BRIEF: From the listing below, output the lines between the one with "I'm going to" and the one with "Hello my beautiful", including those two, and nothing else. Pictures are not copied.

───── GIVEN DATA ─────

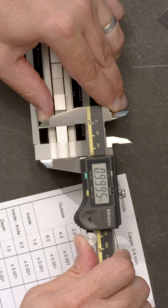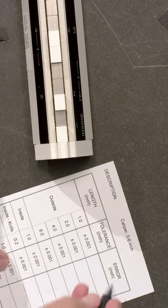It looks like the error at this test point is minus 5 tenths, so I'll write that down.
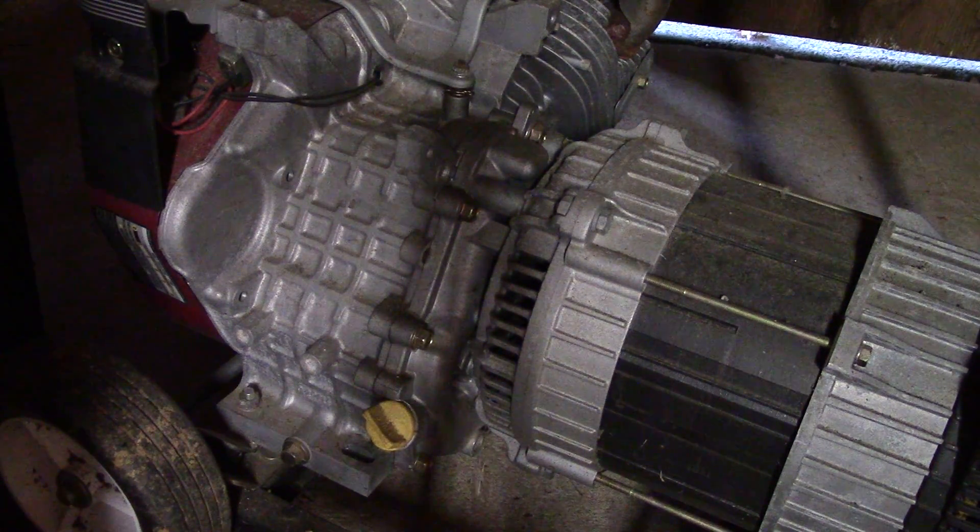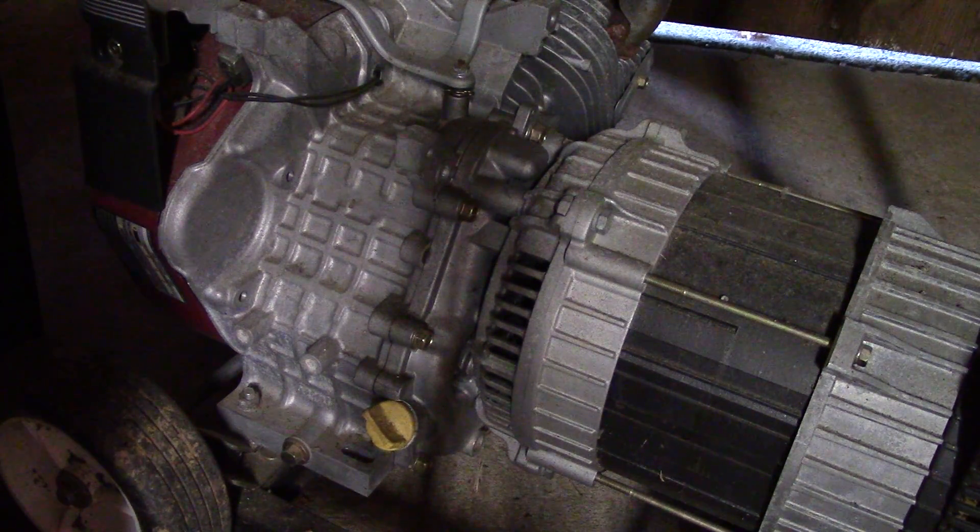There is a point where engine oil use can become excessive, but there are usually other signs of a problem, like leaking oil, or the engine smokes when you first start it or when it's running. But it's normal that you drained out less oil than what the manual says is the engine oil capacity.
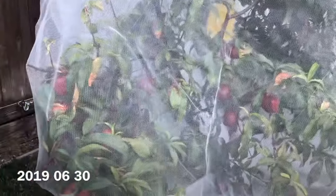Hi there! This is a video of my Snow Queen nectarine. It's a white nectarine from Dave Wilson Nursery. It's multi-planted along with a white peach called the Indian Free peach from Dave Wilson Nursery as well.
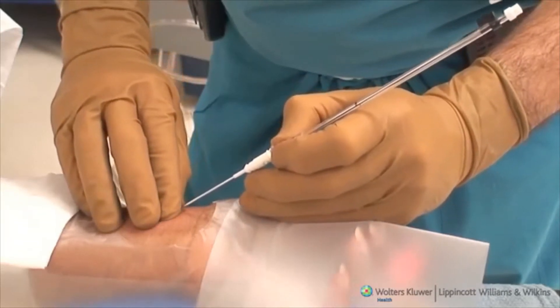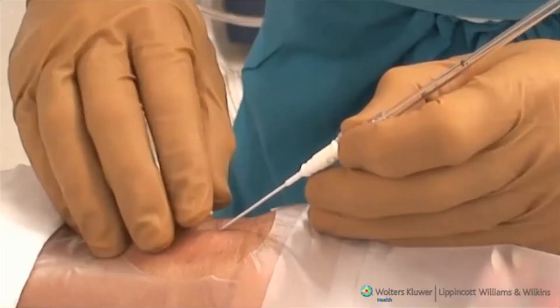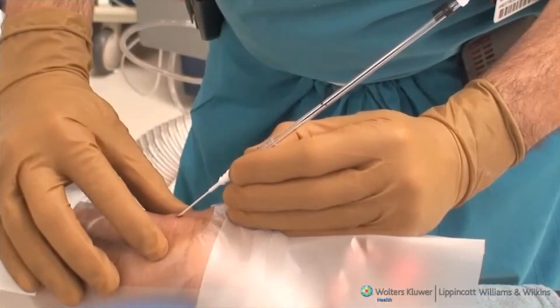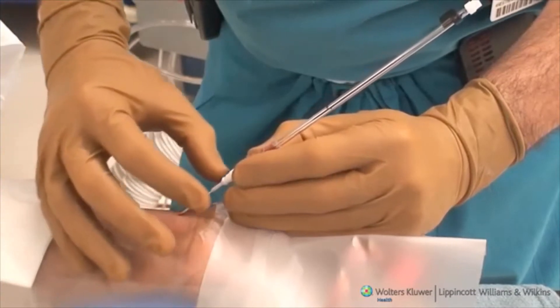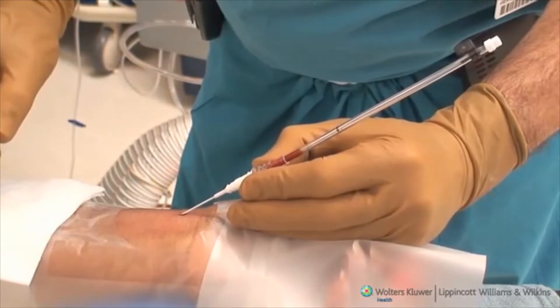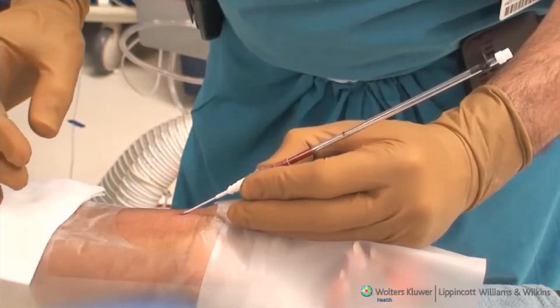After palpating the radial pulse, the skin is punctured over the artery using the catheter and needle at an angle of 45 degrees from the skin. The needle and catheter are advanced until spontaneous pulsatile bright red blood enters the plastic hub of the needle and column. This initial flash is obtained when the needle tip has entered the vessel lumen.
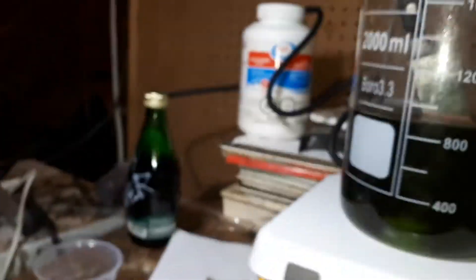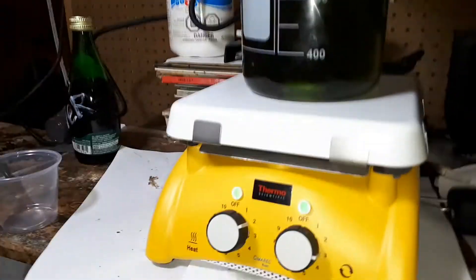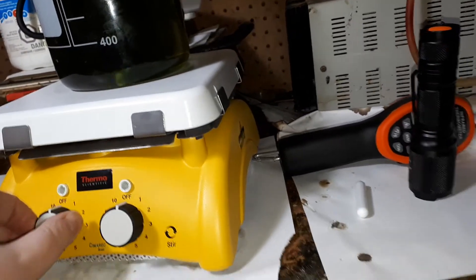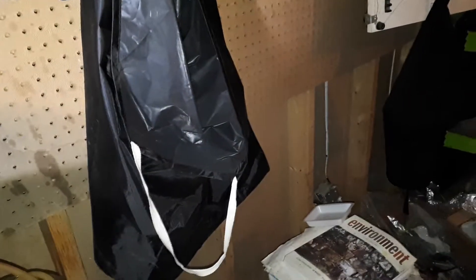I'm going to pull that out in about 2-3 minutes from now, or a couple minutes. Let's see — turn off the stirring. Take off this plate. Pull out the knife.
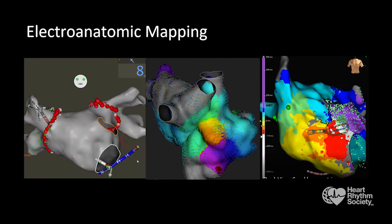Second, electroanatomic mapping systems permit visualization of diagnostic ablation catheters in 3D space, which really obviates the need for fluoroscopy. Use these systems to your full potential.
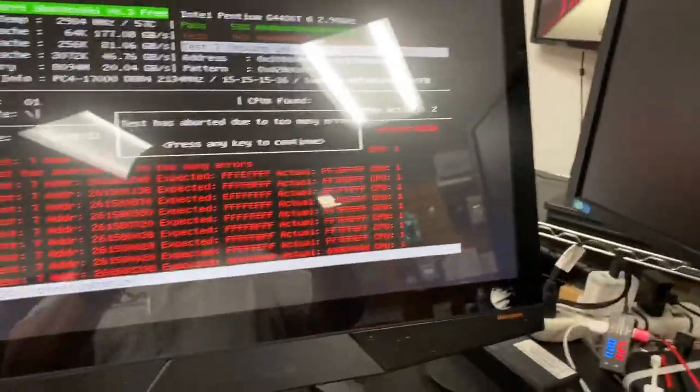Those kind of symptoms — well, one thing you want to check is the hard drive, which I did. The hard drive was fine, at least with the initial test. And then secondly, you want to take a look at the RAM. So we ran memtests on it, and as you can see, all kinds of memory errors.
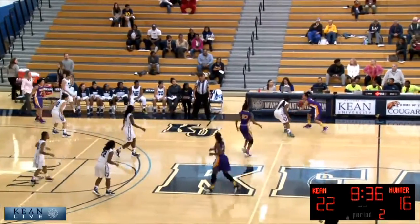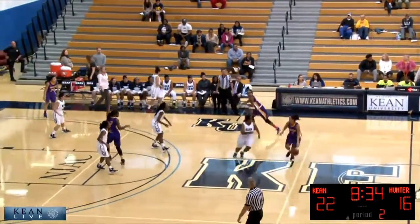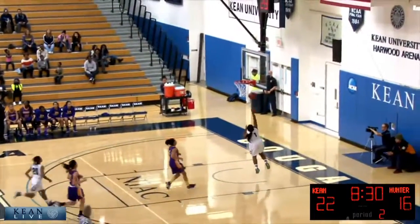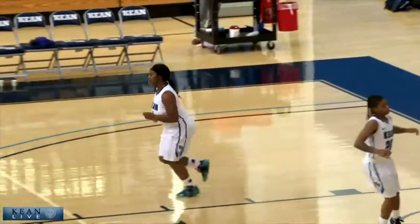A couple of times before this game, Joy practiced today. She's only one of the 2.6. Owens makes a steal a couple of minutes in.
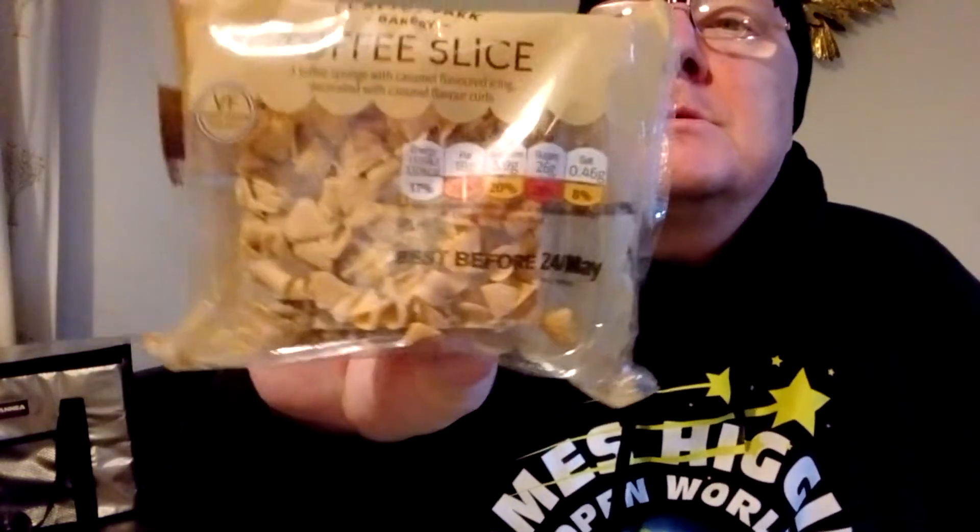Hello my beautiful viewers on my channel, James Diggies Overworld. What I've got for you here is Clayton Park Bakery Toffee Slice — a toffee sponge with caramel flavouring icing decorated with caramel flavouring shells. Right, let's give it a taste here on James Diggies Overworld.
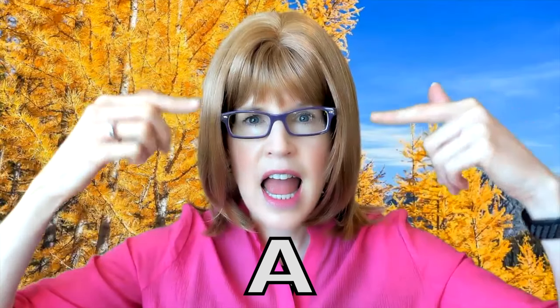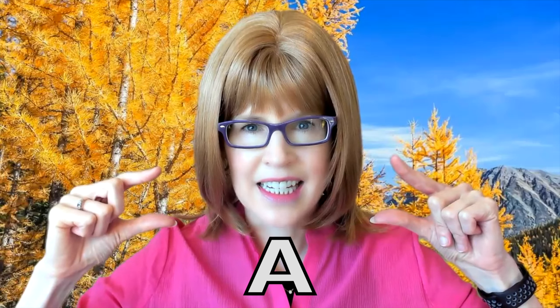The first vowel is A. Notice my jaw drops down and then it spreads wider. It might help to visualize going from the sound E to E. For the E vowel, notice my mouth spreads wider.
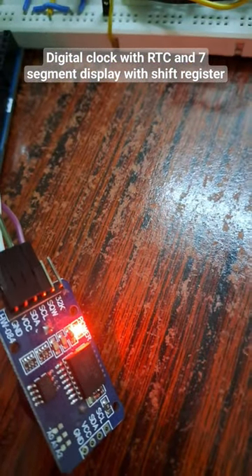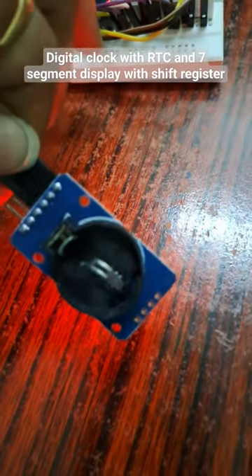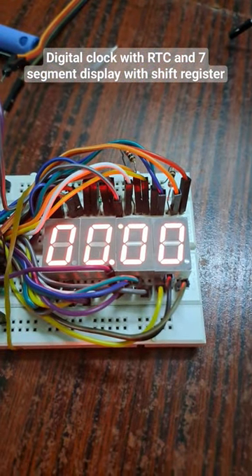The real time data is obtained from this real time clock module. So this is a real time clock module — I am not having any battery, but later on I will connect. It is giving the data, so this is my real time clock as you can see here.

─────

OUTPUT BELOW:
I'm going to pull that out in about 2-3 minutes from now, or a couple minutes. Let's see — turn off the stirring. Take off this plate. Pull out the knife.
Second, electroanatomic mapping systems permit visualization of diagnostic ablation catheters in 3D space, which really obviates the need for fluoroscopy. Use these systems to your full potential.
Those kind of symptoms — well, one thing you want to check is the hard drive, which I did. The hard drive was fine, at least with the initial test. And then secondly, you want to take a look at the RAM. So we ran memtests on it, and as you can see, all kinds of memory errors.
A couple of times before this game, Joy practiced today. She's only one of the 2.6. Owens makes a steal a couple of minutes in.
Hello my beautiful viewers on my channel, James Diggies Overworld. What I've got for you here is Clayton Park Bakery Toffee Slice — a toffee sponge with caramel flavouring icing decorated with caramel flavouring shells. Right, let's give it a taste here on James Diggies Overworld.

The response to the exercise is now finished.